Co relational method will be used to
analyze and determine the relation
ship of two or more factors in the
hypotheses for example: stock
availability and customer satisfaction.

Deduction
Deduction is the process of
arriving at conclusions by
interpreting the meaning of
results of the data analysis.
Other Types of Research
Case studies and action research
are sometimes used to study
certain types of issues.
1. Case Studies
2. Action Research

Case Studies
Case studies involve in depth, contextual analyses of
similar situations in the other organizations, where
the nature and definition of the problem happen to
be the same as experienced in the current situation.
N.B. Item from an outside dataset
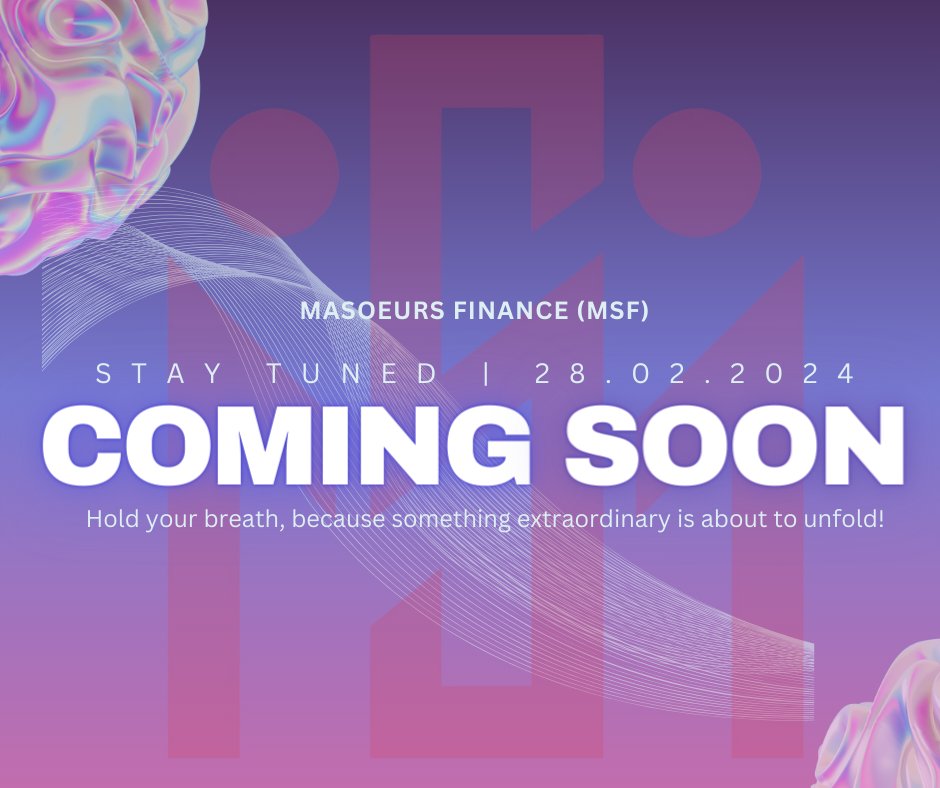 Masoeurs's tweet photo. 🚀 Exciting News! 🌐 Get ready for a financial revolution as MSF Token is launching on February 28, 2024! 🎉 Brace yourselves for a new era of decentralized finance, innovation, and endless possibilities. Stay tuned and be part of the MSF journey! 🚁💰 #MSFToken #crypto #ITO https://t.co/Qc8R2Lc7wX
Case study, as a problem solving technique, is not
often undertaken in organizations because such
studies dealing with problems similar to the one
experienced by a particular organization of a
particular size and in a particular type of setting are
difficult to come by.
Action Research
The researcher begins with a problem that is already
identified and gathers relevant data to provide a
tentative problem solution.
This solution is then implemented, with the
knowledge that there may be unintended
consequences following such implementation.
The effects are then evaluated, defined and
diagnosed and the research continues on an ongoing
basis until the problem is fully resolved.